Our climate is getting plenty of attention, but we don’t often view it as infrastructure. We should. The global climate comprises an essential and massive part of the natural systems that form the foundation for our world and our society. Our economy is built on assumptions about climate stability. Our real estate industry, food systems, electric grid and, by extension, our financial markets all rely on expectations around how it behaves.
Every four years, the American Society of Civil Engineers issues an Infrastructure Report Card for the country. They gave us a D-plus in 2017 (and the same score in 2013). If the organizational equivalent existed to grade the state of our climate, the results would be similar. Just as we’re starting to feel the effects of our failing dams and overcrowded airports, the costs of climate change are becoming impossible to ignore.
We can take the infrastructure analogy (PDF) further just as every $1 spent on road maintenance helps us avoid between $4 and $10 on repairs, investments in climate action are dwarfed by the cost of neglect or inaction.
In this article, we will describe some of the costs of inaction, compare them to the cost of preventive “maintenance and repairs” and detail some actions we can take to mitigate climate change and head off the massive costs associated with living on a broken planet.

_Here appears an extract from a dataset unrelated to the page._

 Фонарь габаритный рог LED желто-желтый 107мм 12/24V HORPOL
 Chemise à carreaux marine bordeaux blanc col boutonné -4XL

The cost of climate inaction can be broken down into three categories:
- The direct costs: the physical losses associated with more frequent extreme weather events, wildfires, and rising sea levels;
- The indirect costs: the future weaker growth and lower asset values created by a damaged planet; and
- The cost of uncertainty: Investors place a value on risk and volatility (or lack thereof), and climate change has a powerful destabilizing effect on our natural and economic systems.
Let’s look at each of these in turn.
Direct costs: lost labor productivity, premature deaths, property damage
From 2008 to 2018, extreme weather disasters cost $840 billion, or an average of $84 billion a year. According to the National Oceanic and Atmospheric Administration (NOAA), 2017 saw $318 billion spent on climate- and weather-related disasters, with Hurricane Harvey alone causing $100 billion in property damage. In 2018, Hurricane Maria left 1.6 million Puerto Ricans without power — which took 11 months to conclusively restore and plunged its more than 3 million citizens into a deep humanitarian crisis.
We have known for some time that climate change is increasing the frequency of extreme weather events, and that warmer air and water contain more energy — and therefore carry more destructive potential. And with the continuously improving science on “climate attribution” (PDF),” we increasingly can identify and quantify the impact of human-induced climate change on specific events.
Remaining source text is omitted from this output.